Feedback loop when ANN learns

How exactly does an Artificial Neural Network Learn from Mistakes? We will use the straight line formula:

\( y = m x + c \)

which is one of the first equations most of us meet in middle school to explain. The core learning loop of an artificial neural network (ANN) is remarkably similar to fitting such a straight line to some data – only with many more “layers of equations” stacked together.

By revisiting this humble equation, we can watch the feedback loop – comparable to “nudging the shower knob until the water feels right” – the heartbeat of most ANN – unfold in four intuitive moves.


TL;DR (90‑second summary)

  • Start with a guess. Initialise slope \(m\) and intercept \(c\) with small random values.
  • Predict. For each input \(x\) compute \(y=mx+c\) (or \(y=max(0, mx+c)\) with ReLU in deep nets).
  • Measure error. Compare predictions to true values using MSE
  • Gradient Descent. Calculate gradients – that tells how much to tweak our initial values to get more accurate results
  • Tweak & repeat. Use gradients to nudge \(m\) and \(c\) downhill until loss flattens.

This cycle powers everything from Amazon Alexa to self-driving cars.

Bonus deep dives: Feel free to ignore In-Depth, Optional Reading, and Q&A parts if you are here to just skim through the article.

1. Initialization – a rough first guess:

Analogy 1: When you turn on a radio: you start at static

Learning begins with uncertainty. The network assigns small random values to m (the slope) and c (the intercept).

Optional Reading: Why Random and Why Small Numbers

Why random? Because we are trying to find out the optimal values, we have to start somewhere. What’s more better than picking a direction in advance – to avoid favoring any particular direction. Imagine yourself covering your eyes and pointing at a map before beginning your treasure hunt.

Why small? Smaller numbers are easier to work with mathematically – trying \(5×3\) is more manageable than \(5,999,973×3\).

2. Prediction: Turning input into output:

Based on your current values, you calculate the predictions (\(\hat y\) pronounced y-hat).

For every training pair \((x,y)\) we plug \(x\) into our tentative line (in real nets, you’d also apply tiny hinge called ReLU, but we will skip that, check In-Depth 2) to get a predicted value 

\( \hat y = mx +c \). 

In a deep network this single algebraic step is replaced by many stacked layers, yet conceptually it’s the same: take the current parameters and produce output.

In-Depth: Understanding The Straight Line Formula

Toggle to Show/Hide

\(y\) vs \( \hat y\) -> \(y\) is the real output while \(\hat y\) is the predicted output. 

This is where we flip the typical math class scenario.
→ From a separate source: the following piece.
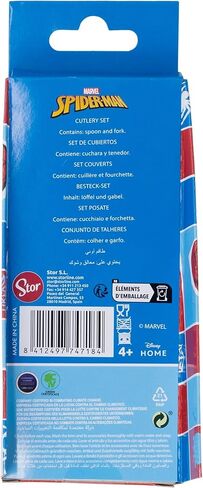 Stor Spider-man Children's Tableware Stainless Steel Set of 1 in Kuwait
Normally your teacher gives you \(y = mx +c\) (with defined \(m\) and \(c\) values) and you plug in \(x\)’s. Here we flip the game: the data are fixed; the formula is what we’re hunting.

Remember the word problems where you solved for the equation of a line?

Consider this: If a line passes through \((0,1)\), \((1, 3)\), and \((2,5)\), you are working backwards to find the equation \(y = 2x + 1\). We start with a guess for \(m\) and \(c\) to calculate \(\hat y\).

In-Depth 2: Deeper Nets

Toggle to Show/Hide

In a true deep network, we would also calculate Rectified Linear Unit (ReLU), after each layer – check the attached figure:
\[z = Wx+b, then { a} = ReLU(z)\]

Each circle in Hidden 1 (and Hidden 2) represents a neuron with its own weight vector Wᵢ and bias bᵢ

From our simple demo, you can think of \(W\) and \(b\) as just \(m\) and \(c\). \(W\) is for weight and \(b\) is for bias. W is usually a set of weight values in a vector form as \(\{w1, w2, w3, w4\}\) and \(b\) as \(\{b1, b2, b3, b4\}\). Basically, the linear step \(y = mx + c\) gets wrapped in a gate that zeroes out negative values.

This concept echoes the biological All-or-Nothing principle, which describes how a neuron either fires a full action potential (if its input exceeds a threshold) or stays silent. If the signal is strong enough (positive), let it through; if not, don’t fire. \(ReLU\) (called an activation function) is inspired by it. If (\(mx+c\)) \(>0\), fire = \(mx+c\); else fire = 0.

In practice, you often let the very last layer remain linear (so the network can output any real number). All hidden layers (i.e., every layer except input and output) use ReLU (or another activation) to build up nonlinearity (in real life, many relationships- like friction, gravity, curves etc. – aren’t straight lines).

ReLU essentially asks “is this worth keeping?” for each calculation. By zeroing out negative values, it creates sparsity (lots of zeroes) which makes computations faster, and its mathematical simplicity (just taking the maximum among 0 versus the input) avoids certain training problems that plague other ReLU-like activation functions.

In-Depth 3: What are ReLUs?

Toggle to Show/Hide

Think of ReLU like an on/off switch:

  • if the running value is positive, the switch lets it pass straight through.
  • if it’s negative, the switch holds it at zero – like a one-way valve that blocks backward flow.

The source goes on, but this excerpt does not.